- _WHAT IS EXPECTED_
Would you copy out, exactly as written, each line from the one containing "カラーコード: RGB 152.9 110.2 213 | qconv.com" to the end of the records below?

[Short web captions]
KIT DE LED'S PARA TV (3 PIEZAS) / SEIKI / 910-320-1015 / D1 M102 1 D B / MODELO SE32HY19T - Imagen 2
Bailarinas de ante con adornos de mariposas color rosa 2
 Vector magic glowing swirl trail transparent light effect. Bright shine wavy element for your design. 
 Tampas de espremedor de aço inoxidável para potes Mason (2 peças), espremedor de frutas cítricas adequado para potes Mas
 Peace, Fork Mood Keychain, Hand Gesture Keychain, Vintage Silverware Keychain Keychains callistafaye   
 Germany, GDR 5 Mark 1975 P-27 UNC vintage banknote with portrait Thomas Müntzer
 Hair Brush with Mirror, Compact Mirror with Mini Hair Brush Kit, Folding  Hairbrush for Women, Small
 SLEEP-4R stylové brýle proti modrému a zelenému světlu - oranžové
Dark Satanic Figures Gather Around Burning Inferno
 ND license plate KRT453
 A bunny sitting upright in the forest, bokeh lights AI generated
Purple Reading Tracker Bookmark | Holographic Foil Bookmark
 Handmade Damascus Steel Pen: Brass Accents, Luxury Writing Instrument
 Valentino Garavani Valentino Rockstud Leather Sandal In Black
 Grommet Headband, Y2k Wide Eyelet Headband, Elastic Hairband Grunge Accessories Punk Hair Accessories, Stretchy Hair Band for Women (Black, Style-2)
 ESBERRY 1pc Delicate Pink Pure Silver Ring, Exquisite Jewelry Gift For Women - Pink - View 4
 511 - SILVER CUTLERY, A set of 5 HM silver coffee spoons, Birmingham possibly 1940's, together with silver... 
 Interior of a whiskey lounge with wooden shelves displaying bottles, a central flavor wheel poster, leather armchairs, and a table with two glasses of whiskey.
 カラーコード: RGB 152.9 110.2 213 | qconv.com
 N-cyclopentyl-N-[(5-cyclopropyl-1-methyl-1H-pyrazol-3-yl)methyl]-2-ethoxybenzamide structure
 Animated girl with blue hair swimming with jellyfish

- _ANSWER TO THE EXERCISE_
 カラーコード: RGB 152.9 110.2 213 | qconv.com
 N-cyclopentyl-N-[(5-cyclopropyl-1-methyl-1H-pyrazol-3-yl)methyl]-2-ethoxybenzamide structure
 Animated girl with blue hair swimming with jellyfish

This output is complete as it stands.